INSTRUCTIONS TO FOLLOW » Reproduce word for word the lines between those holding "Escape plate, anti" and "Летние шины ADVANTA", inclusive, and nothing else from the data below.

......

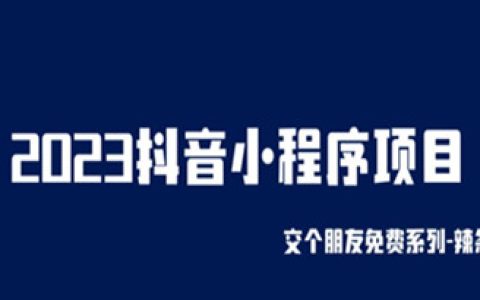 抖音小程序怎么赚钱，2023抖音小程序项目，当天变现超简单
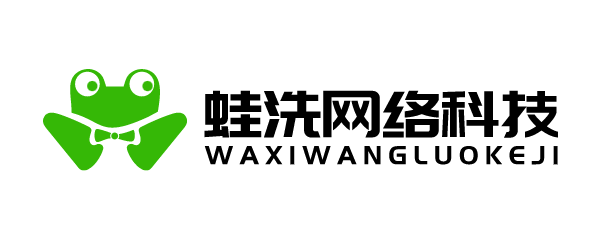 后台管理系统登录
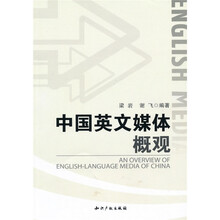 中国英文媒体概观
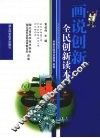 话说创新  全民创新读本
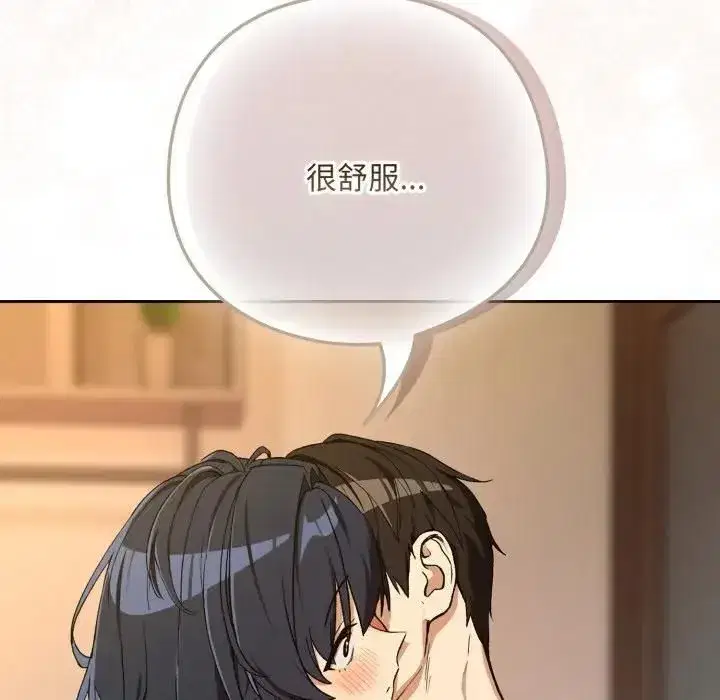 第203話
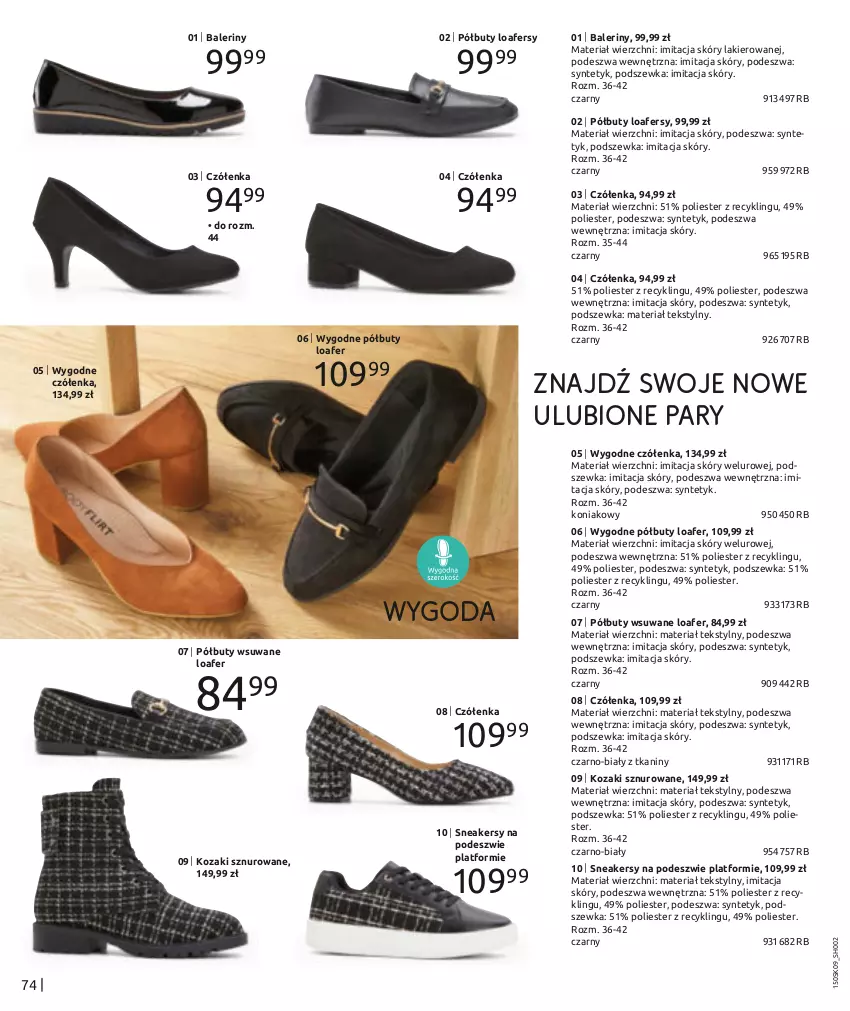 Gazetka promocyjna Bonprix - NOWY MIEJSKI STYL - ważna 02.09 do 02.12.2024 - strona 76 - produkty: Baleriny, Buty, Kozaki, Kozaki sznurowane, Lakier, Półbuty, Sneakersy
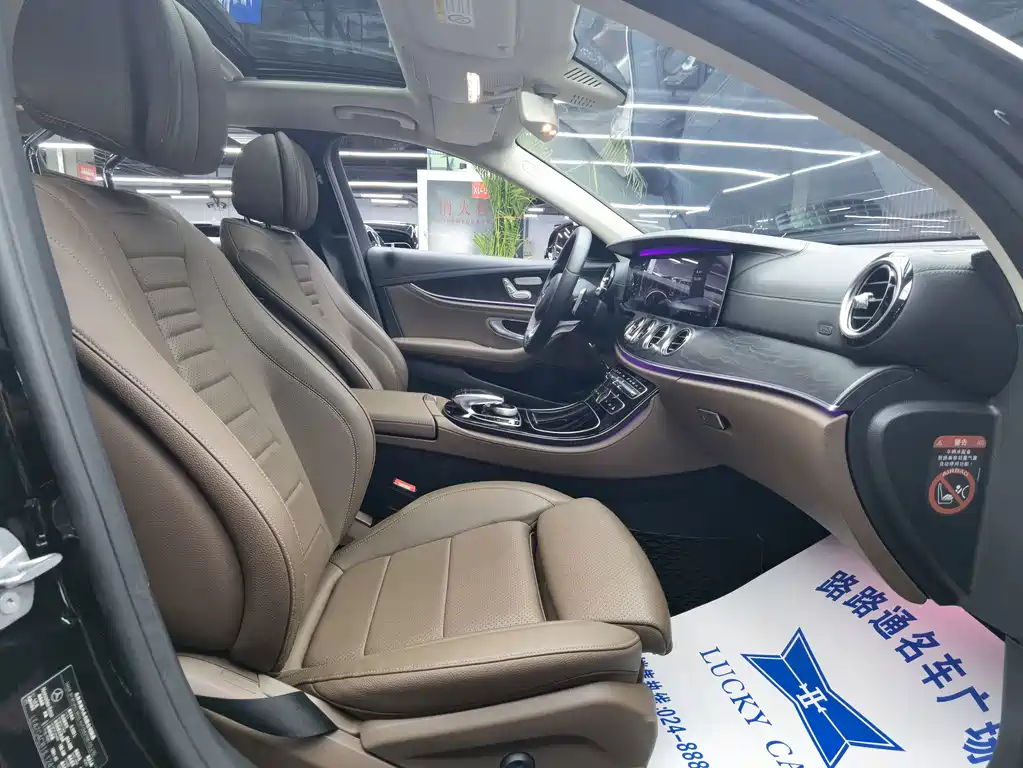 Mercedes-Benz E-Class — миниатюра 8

......

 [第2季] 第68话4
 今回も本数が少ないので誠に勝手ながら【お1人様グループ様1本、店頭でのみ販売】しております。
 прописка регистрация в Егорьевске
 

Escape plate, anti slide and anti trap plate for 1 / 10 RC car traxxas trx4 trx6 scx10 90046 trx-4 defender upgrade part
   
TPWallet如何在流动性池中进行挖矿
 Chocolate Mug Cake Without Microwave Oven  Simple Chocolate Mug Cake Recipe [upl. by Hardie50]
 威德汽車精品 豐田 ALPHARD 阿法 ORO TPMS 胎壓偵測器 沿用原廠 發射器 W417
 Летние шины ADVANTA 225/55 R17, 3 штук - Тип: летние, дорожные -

......

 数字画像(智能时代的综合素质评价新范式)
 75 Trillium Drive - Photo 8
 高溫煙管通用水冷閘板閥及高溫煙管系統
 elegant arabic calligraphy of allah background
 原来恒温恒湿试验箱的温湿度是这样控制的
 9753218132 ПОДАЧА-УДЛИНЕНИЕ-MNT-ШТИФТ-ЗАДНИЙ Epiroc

......

OUTPUT OF THE TASK »
Escape plate, anti slide and anti trap plate for 1 / 10 RC car traxxas trx4 trx6 scx10 90046 trx-4 defender upgrade part
   
TPWallet如何在流动性池中进行挖矿
 Chocolate Mug Cake Without Microwave Oven  Simple Chocolate Mug Cake Recipe [upl. by Hardie50]
 威德汽車精品 豐田 ALPHARD 阿法 ORO TPMS 胎壓偵測器 沿用原廠 發射器 W417
 Летние шины ADVANTA 225/55 R17, 3 штук - Тип: летние, дорожные -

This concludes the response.